WHAT YOU WILL DO
Omit the pictures and reproduce the rest of the listing exactly.

============

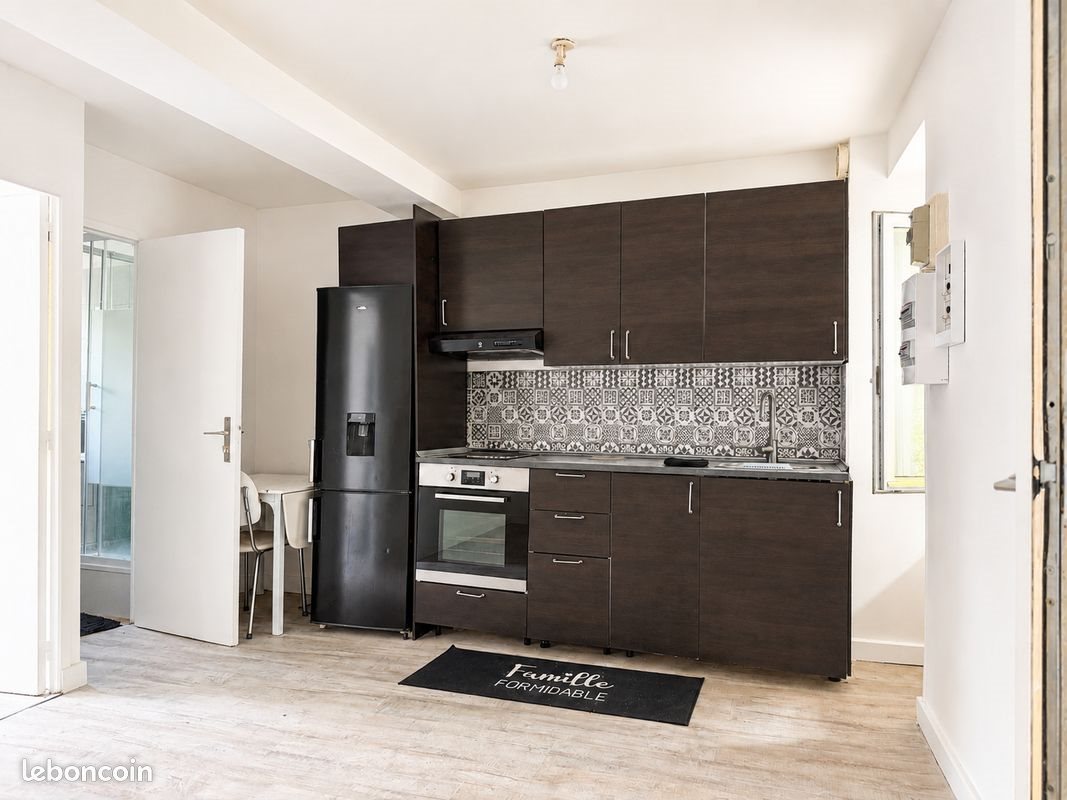 Appartement à vendre, 27m², Saclas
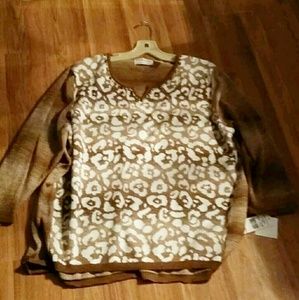 Alfred Dunner Sweater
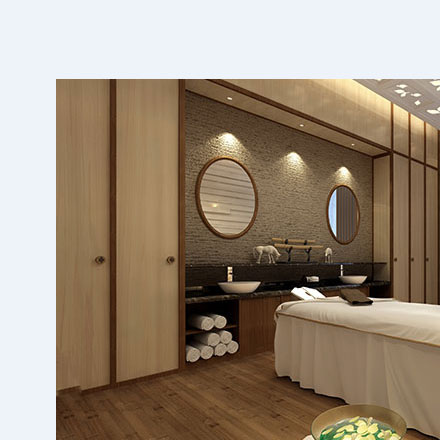 酒店标识标牌设计公司构想未来无人酒店标识。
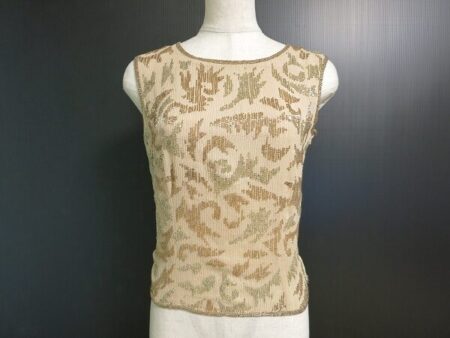 上質感溢れる クリスセリーンのカットソーを買取しました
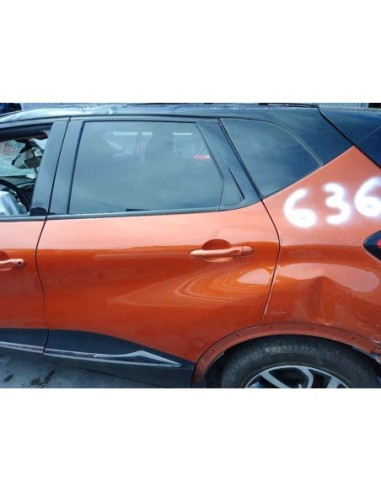 PUERTA TRASERA IZQUIERDA RENAULT CAPTUR I - 194203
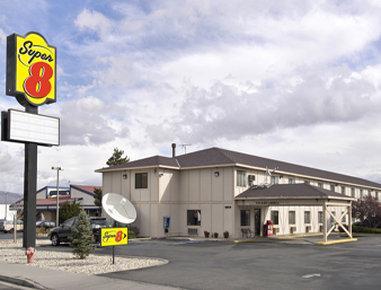 Hotel Super 8 By Wyndham Carson Tahoe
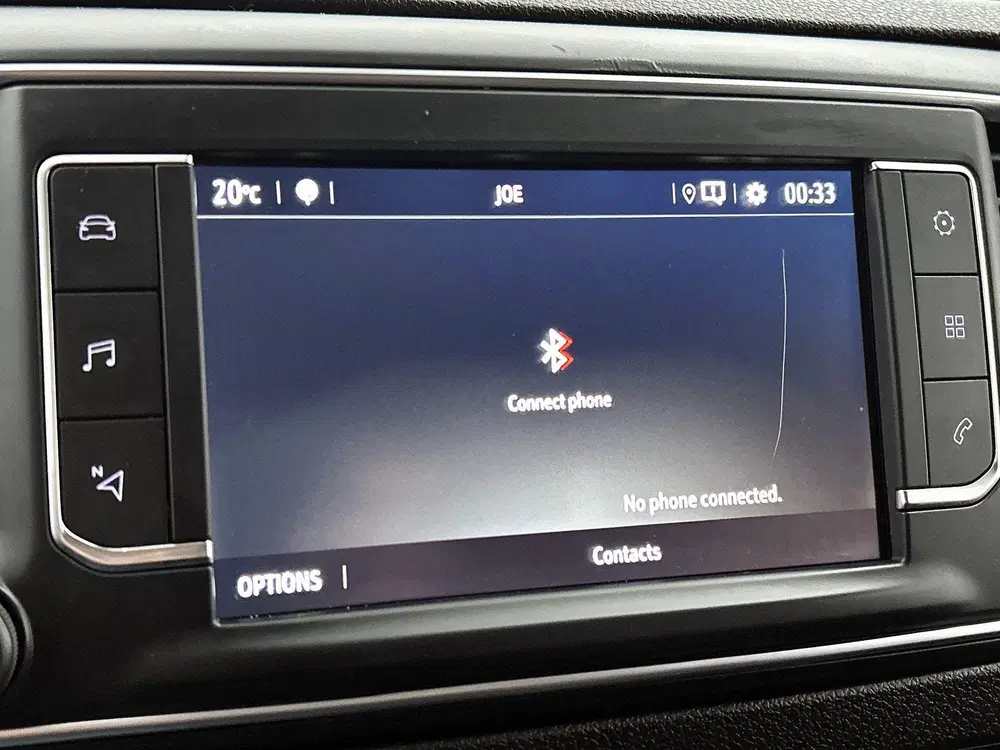 Opel Vivaro 2.0 145PK L3 Automaat Airco Cruise Control uit 2024, foto 13
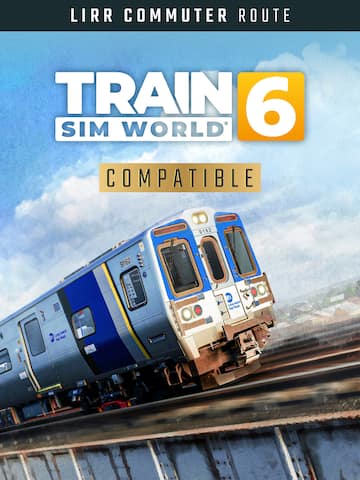 Train Sim World® 6: LIRR Commuter: New York - Long Beach, Hempstead & Hicksville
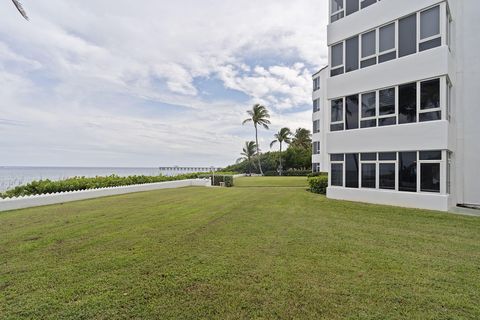 A home in Palm Beach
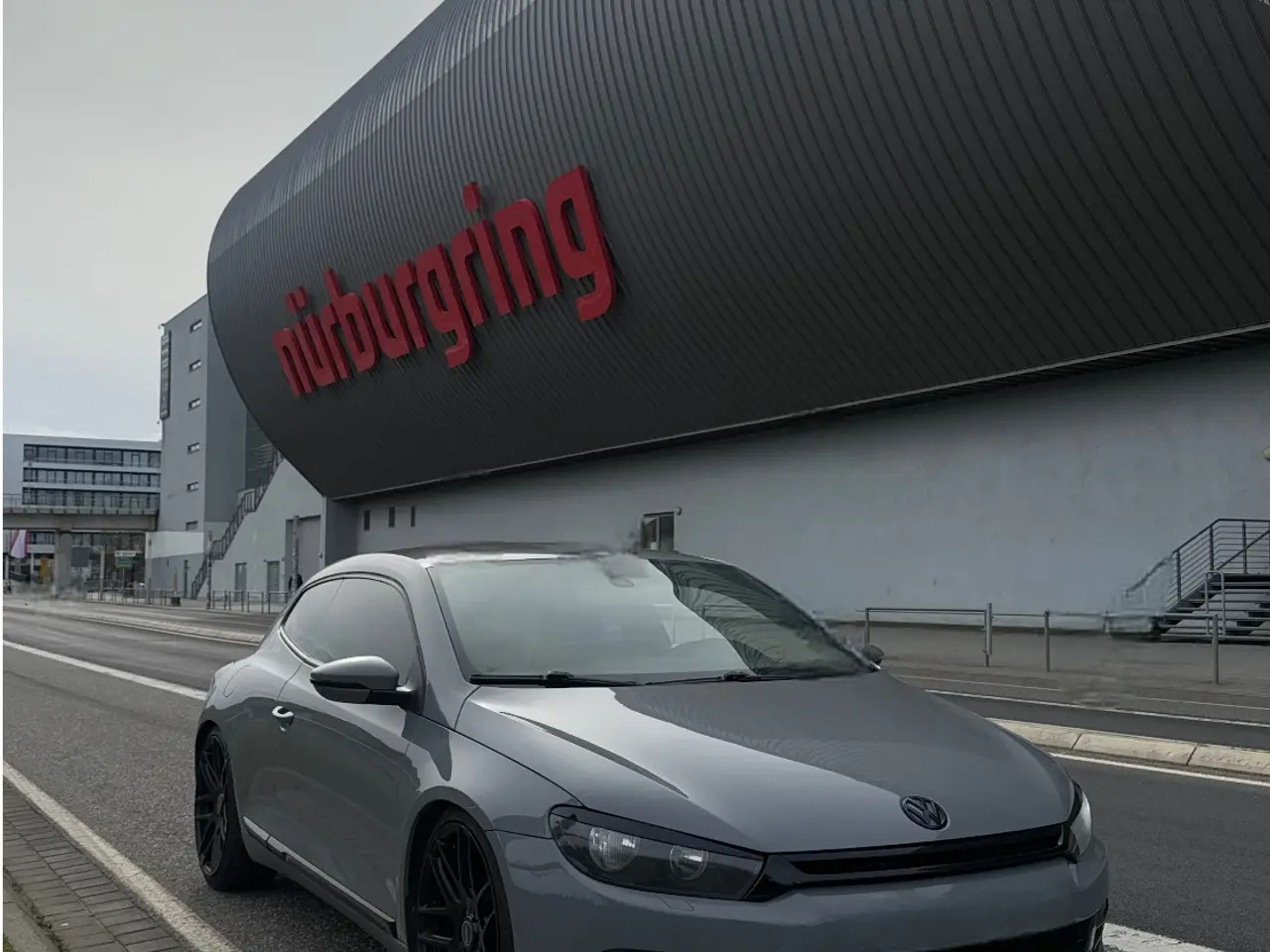 Billede 3 - Scirocco 2,0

============

RESPONSE
 Appartement à vendre, 27m², Saclas
 Alfred Dunner Sweater
 酒店标识标牌设计公司构想未来无人酒店标识。
 上質感溢れる クリスセリーンのカットソーを買取しました
 PUERTA TRASERA IZQUIERDA RENAULT CAPTUR I - 194203
 Hotel Super 8 By Wyndham Carson Tahoe
 Opel Vivaro 2.0 145PK L3 Automaat Airco Cruise Control uit 2024, foto 13
 Train Sim World® 6: LIRR Commuter: New York - Long Beach, Hempstead & Hicksville
 A home in Palm Beach
 Billede 3 - Scirocco 2,0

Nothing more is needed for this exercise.